CapX readers need little reminder of how the welfare state has ballooned since then. What was designed to provide a safety net has become an all-encompassing, hugely expensive, part of national life. The idea of government as provider rather than insurer reached its apogee during the pandemic, when the Treasury was paying millions of people’s wages at a huge cost to future taxpayers.

A more recent example of Britain’s paternalistic drift is Sadiq Khan’s commitment to give all primary school children in London free school meals. Although younger children already get free meals as standard, by extending this to older cohorts the Mayor of London is moving away from a means-tested system which prioritises those most in need. In most of England, free school meals are a Beveridge style subsistence payment, only available to kids whose parents are in receipt of certain benefits and have an income after tax lower than £7,400.

For all his high-flown rhetoric, Khan’s plans will not actually benefit children from the poorest households, as they are already being catered for. Instead, as Mark Lehain explained last week, a significant chunk of the £130m he has set aside will go to the children of parents with incomes far above the national average. It’s the epitome of middle-class welfare, and the antithesis of what Beveridge envisaged when he helped found the modern welfare state.

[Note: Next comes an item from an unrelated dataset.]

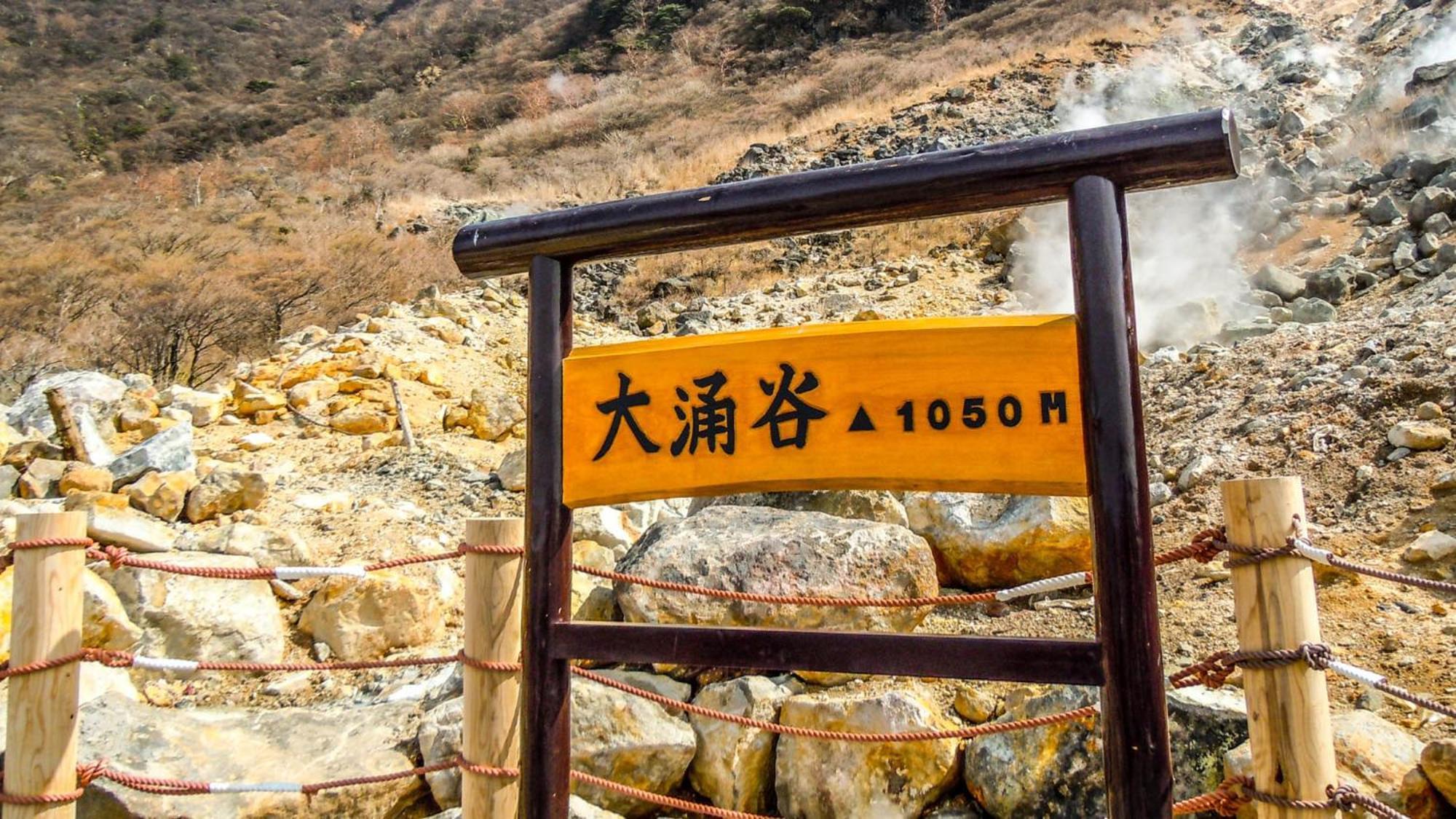 Toyoko Inn Gotemba Ekimae Kültér fotó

The energy price cap is another fine example of this misplaced universalism. Liz Truss might argue that she acted in haste because the situation demanded it, but there’s no escaping that subsidising all bill-payers in this way has meant a huge misallocation of public money.

And despite wholesale gas prices falling favourably since Truss left office, her policy has still added billions to the UK’s public debt, which is now forecast to reach 97.6% of GDP by 2025-26. The other big problem with the price cap is it dramatically reduced the incentives for wealthier, more energy-intensive households to reduce their usage, contributing to the very problem it was designed to solve.

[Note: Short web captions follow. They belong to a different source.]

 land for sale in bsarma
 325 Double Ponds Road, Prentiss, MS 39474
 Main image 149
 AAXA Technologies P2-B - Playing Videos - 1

If that was designed to deal with the cost of living crisis, there are plenty of other areas where the Government is adding to the burden of households, rather than reducing them. The prime suspect here is Net Zero, a project that ministers blithely insist can be done in an economically beneficial way, but which promises huge costs to consumers in the form of more expensive transport, high electricity prices and expensive home heating.

Banning petrol cars from the 2030s will require a vast network of charging points to be built. In total we’ll need somewhere between 280,000 and 480,000 to fully satisfy driver demand, but at the moment we have a paltry 35,000. This means a huge outlay for taxpayers to build all those charging points, while buying a car will be far more expensive. Doubtless in this brave new world the cost of buying a second-hand petrol or diesel car is going to be inflated as it becomes illegal to make new ones.

And this is just the tip of the paternalistic iceberg. We’re already hearing calls for a ‘climate tax’ on food deemed to have a particularly heavy environmental impact. Given the Government’s fondness for pointless taxing and regulation of what we eat and drink (the sugar tax springs to mind), it’s not too much of a stretch to imagine a new green levy on meat and dairy.

This is all the inevitable consequence of a political class that is in hock to the twin religions of Net Zero and ‘Our’ NHS, both of which are destined to suck up ever more public money and, in turn, necessitating ever higher taxes. Most dispiritingly, neither seems to be the subject of any serious conversation about how they might be reformed to promote better taxpayer value. Instead we march onwards to a poorer, less free country – one that is nothing like the state William Beveridge envisaged all those years ago.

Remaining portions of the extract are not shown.